I formulated new design space: introducing new discordant accumulation operations into sparse compilers. I observed that current algorithm could not correctly infer reduction operators. Therefore, I proposed five logic rules called Forall Context, which determined the reduction operator for any workspace expression. This technique has been integrated into TACO. We observed the discordant accumulation problem. That said, the current algorithm can only handle concordant point streams and allocates a large amount of memory unnecessarily. Observing this phenomenon, I designed a new algorithm called sparse workspace. Sparse workspace aims to be a flexible sparse compilation algorithm that handles discordant or concordant point streams with intermediate memory cost controlled by users. This work is supervised by Professor Fredrik Kjostad. A technical report for this project can be found here.

I developed new space exploration techniques for dense computation graphs of tensor programs. We proposed Kernel Architecture Search (KAS) to search for efficient computation graphs with the highest classification accuracy within the same hardware budgets. We implemented a system Canvas to examine our KAS idea. I optimized the graph generation algorithm of Canvas reduced the sampling time from seconds to milliseconds. KAS finds network designs with up to 1.5x inference speedups over previous state-of-the-art with acceptable accuracy loss. This work is supervised by Professor Mingyu Gao. We submitted the paper to MLSys 2023, for which I am the second author.

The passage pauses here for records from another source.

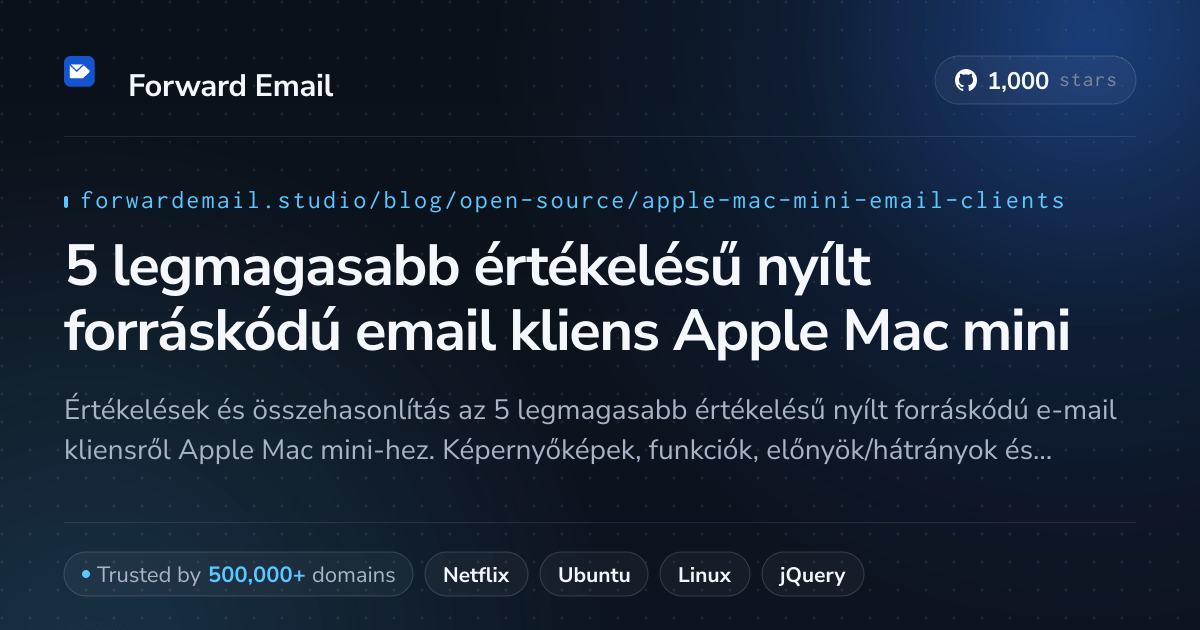 5 legmagasabb értékelésű nyílt forráskódú email kliens Apple Mac mini 2026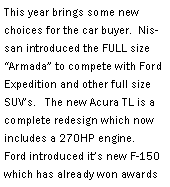 Text Box: This year brings some new choices for the car buyer.  Nissan introduced the FULL size Armada to compete with Ford Expedition and other full size SUVs.   The new Acura TL is a complete redesign which now includes a 270HP engine.   Ford introduced its new F-150 which has already won awards 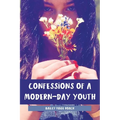 Confessions of a Modern-Day Youth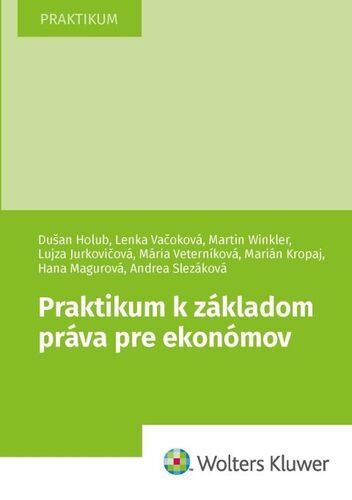 Levně Praktikum k základom práva pre ekonómov - Dušan Holub; Lenka Vačoková; Martin Winkler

This paper is still under review.

Sgap

I optimized a single point in the space: sparse dense hybrid operators on GPU. We observed that GPU performs better on regular data, whose benefits can remedy possible redundant computation. With the help of this trait, I developed atomic parallelism to accelerate SpMM GPU kernels, and observed a 1.6x~2.3x increase in speed. Such optimization has been integrated into dgSPARSE. Then I generalized atomic parallelism as a sparse compiler technique called segment group. Equipped with segment group, the sparse compiler can generate sparse GPU kernels 1.2x faster than before. This work is jointly supervised by Professor Yu Wang and Professor Sitao Huang. We submitted Sgap (segment group and atomic parallelism) to CCF Transactions on High Performance Computing. I am the first author for this publication.